But I will end what I have to say tonight on a different note. We do well indeed to be angry in such a cause, but there are things better and stronger than even righteous anger. It is better to convince men than to upbraid them. Let me then ask the Government and the noble Lords opposite this question, Can a measure which, if carried, must provoke the bitterest hostility and the deepest sense of injustice, conduce to the harmony and well-being of the nation? My Lords, look around. Do you think the world is in such a state that it can afford to dispense with the teachings of religion? What do you see on all sides, at home and abroad, in the political, the religious, the social world? What is the truth about the morality, not only of our great towns, but of our country districts? Can Wales itself afford to dispense with any influences that make for righteousness? What does the general unrest, which is so marked a feature of the present time, portend? What lesson should we learn from the growing neglect of duty and pursuit of pleasure? Surely the lessons of the Gospel were never more needed than now.

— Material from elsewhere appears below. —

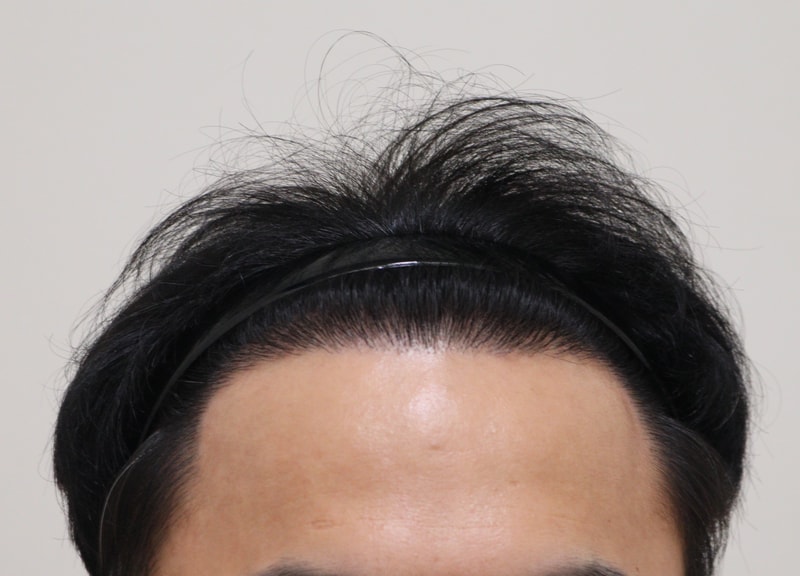 4. 수술후_1년_1.JPG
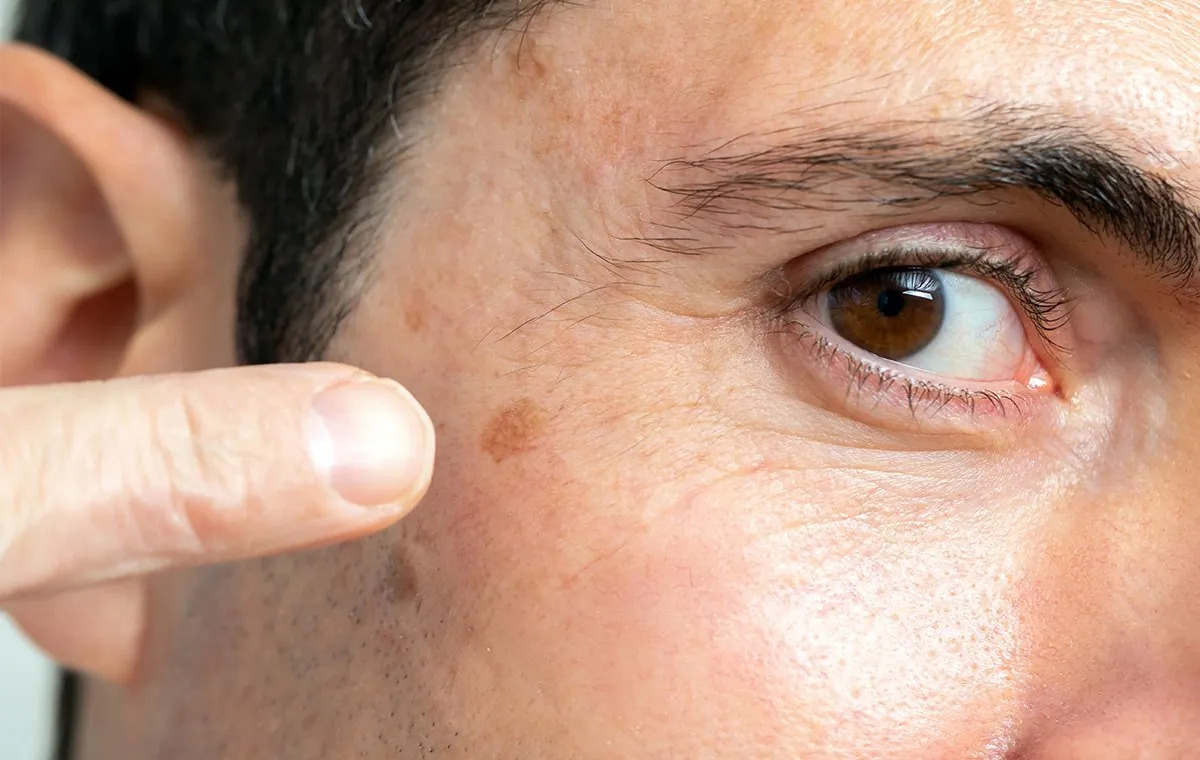 Actinic Keratosis: Sun-Damaged Patches on the Skin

What is the real strength of a nation? My Lords, the strength of a nation is the character of the individuals who compose it. There is no safety for a nation except in the character of the men and women who compose it. How is that character to be formed except by religion? What has the Emperor William been saying on this very subject in regard to Germany only the other day? Our only hope as individuals, our only hope as a nation, is in the religion of Jesus Christ. Is it open to doubt that in the estimation of the world, inside and outside our own borders, such a measure as the Disestablishment and Disendowment of the Church in Wales will be looked upon, if not as an attack upon, at least as a token of indifference to, Christianity itself? Everywhere such a measure will be welcomed by the enemies of Christianity; everywhere it will be regretted by those who believe that Christianity is the abiding hope of every nation. Have we the courage—I might call it another name—to say, after the history of more than twelve centuries, that we will now sever the connection which for all that time has subsisted between the Church of Christ and the nation? that we will trample underfoot all the principles which, so far as they have been observed, have been the cause of our prosperity and greatness, and turn our backs upon the Christian faith? My Lords, let us pray God to help us to avert so great a misfortune, for this is the very heart of the question. We pray morning by morning, evening by evening, "Thy Kingdom come." Can we lay our hands upon our hearts and say the Kingdom of God will be advanced by such a measure as this? That is the question we have all to ask ourselves. I think the question admits of but one answer, and that is the answer which is being given with no uncertain voice by innumerable meetings throughout the length and breadth of the country. What has happened in the House of Commons under the despotism which now reigns in that House is no indication of the mind of the country; and in the last resort, should this Bill be passed over the head of this House, it is my conviction that the voice of the nation will insist upon the King, as the ultimate guardian of the rights and liberties of his people, refusing his assent to such a measure until it has been referred to the electors and the country has had the opportunity of definitely expressing its mind upon it.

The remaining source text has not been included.